# Task details
With the pictures left out, retype exactly the lines below starting at the line that contains "Cargo Dates" and ending at the line that contains "恋愛の不安をやさしく読み解き、鑑定書でお届けします 星の流れを読むように恋愛の不安と心の迷いをやさしく整理します イメージ5".

# Material supplied
______

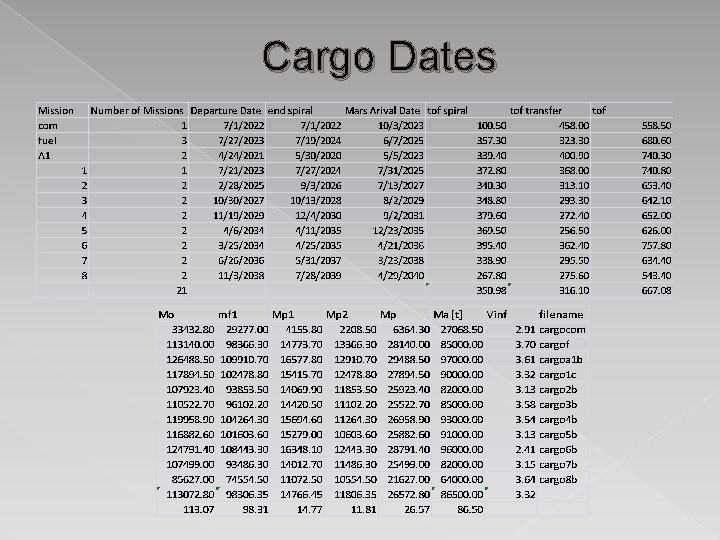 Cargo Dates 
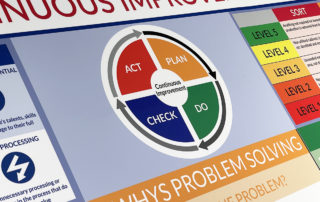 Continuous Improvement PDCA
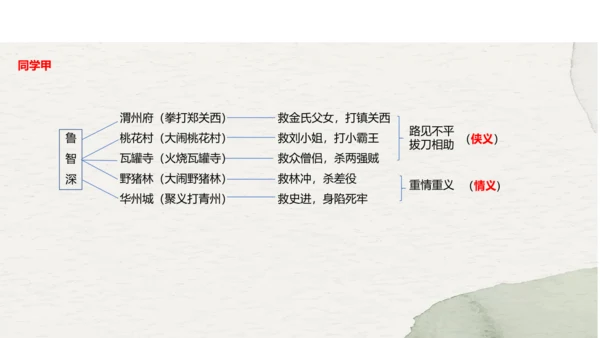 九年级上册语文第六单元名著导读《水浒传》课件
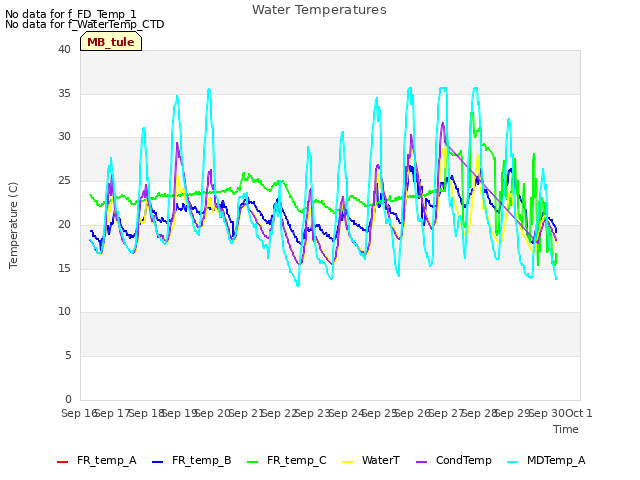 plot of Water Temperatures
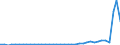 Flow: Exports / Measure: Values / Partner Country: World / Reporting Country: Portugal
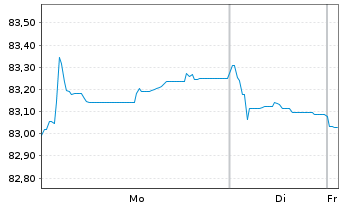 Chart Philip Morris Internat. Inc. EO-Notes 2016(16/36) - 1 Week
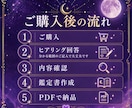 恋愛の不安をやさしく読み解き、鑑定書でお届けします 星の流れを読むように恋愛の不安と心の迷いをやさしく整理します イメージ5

______

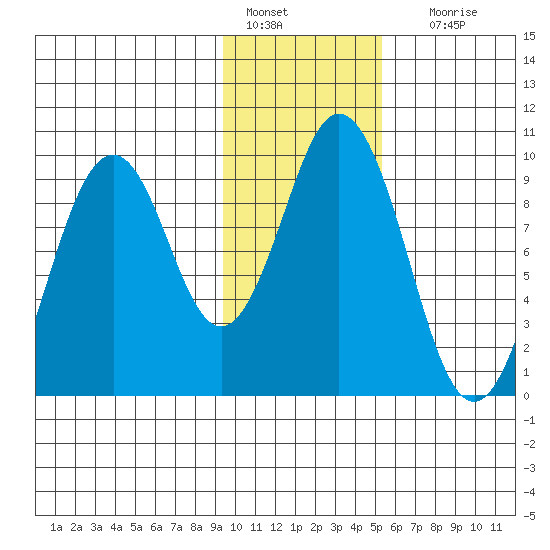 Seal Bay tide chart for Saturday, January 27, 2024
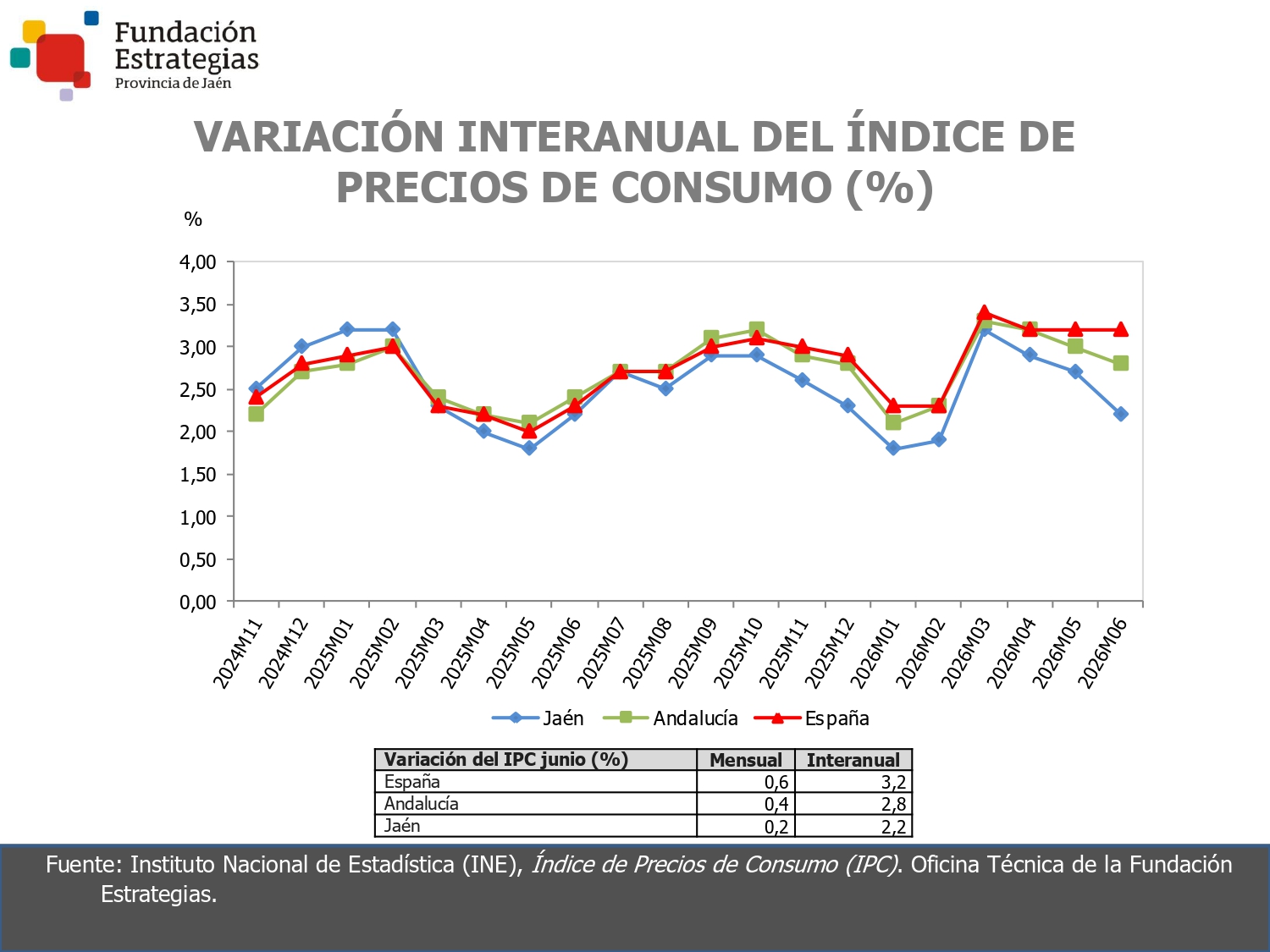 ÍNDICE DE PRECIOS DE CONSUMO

______

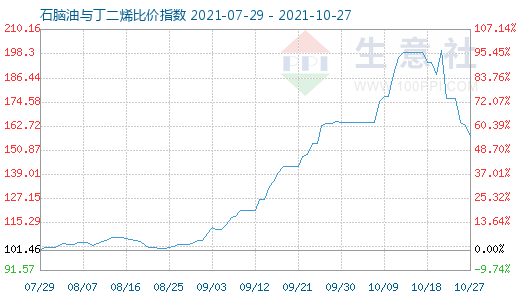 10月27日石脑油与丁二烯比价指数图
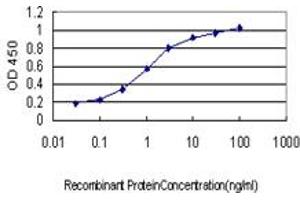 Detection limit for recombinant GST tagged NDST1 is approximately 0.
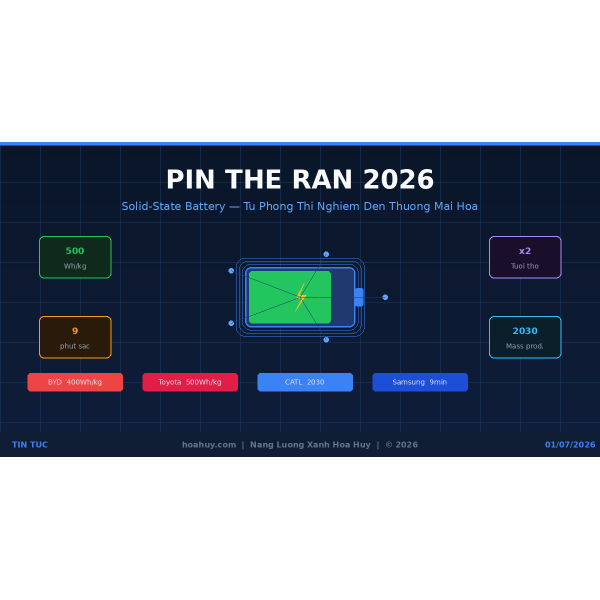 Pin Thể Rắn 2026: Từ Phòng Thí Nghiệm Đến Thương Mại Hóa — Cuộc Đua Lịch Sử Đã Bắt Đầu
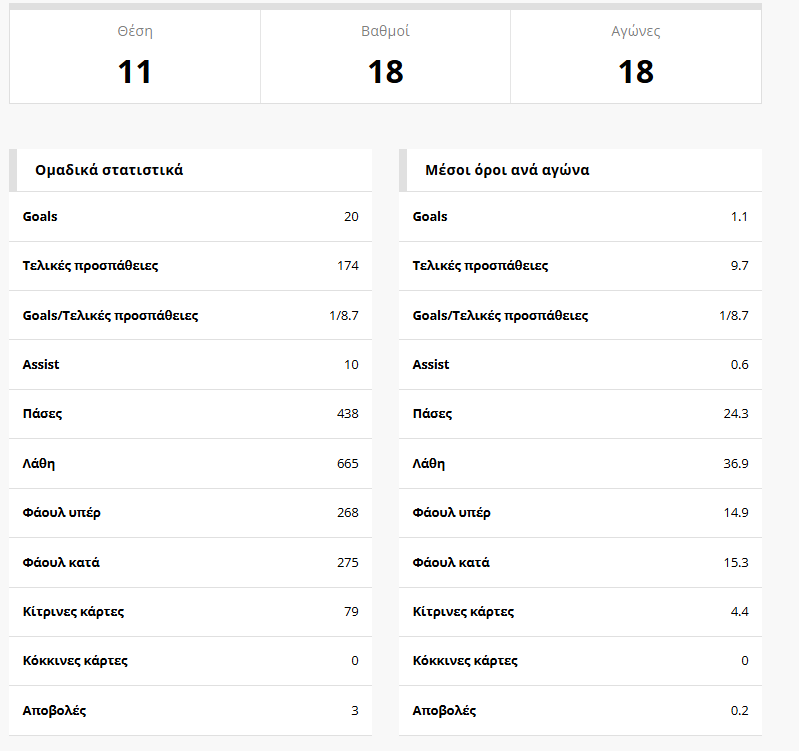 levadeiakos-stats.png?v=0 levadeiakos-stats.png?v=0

______

# Response area
 Cargo Dates 
 Continuous Improvement PDCA
 九年级上册语文第六单元名著导读《水浒传》课件
 plot of Water Temperatures
 Flow: Exports / Measure: Values / Partner Country: World / Reporting Country: Portugal
 Chart Philip Morris Internat. Inc. EO-Notes 2016(16/36) - 1 Week
 恋愛の不安をやさしく読み解き、鑑定書でお届けします 星の流れを読むように恋愛の不安と心の迷いをやさしく整理します イメージ5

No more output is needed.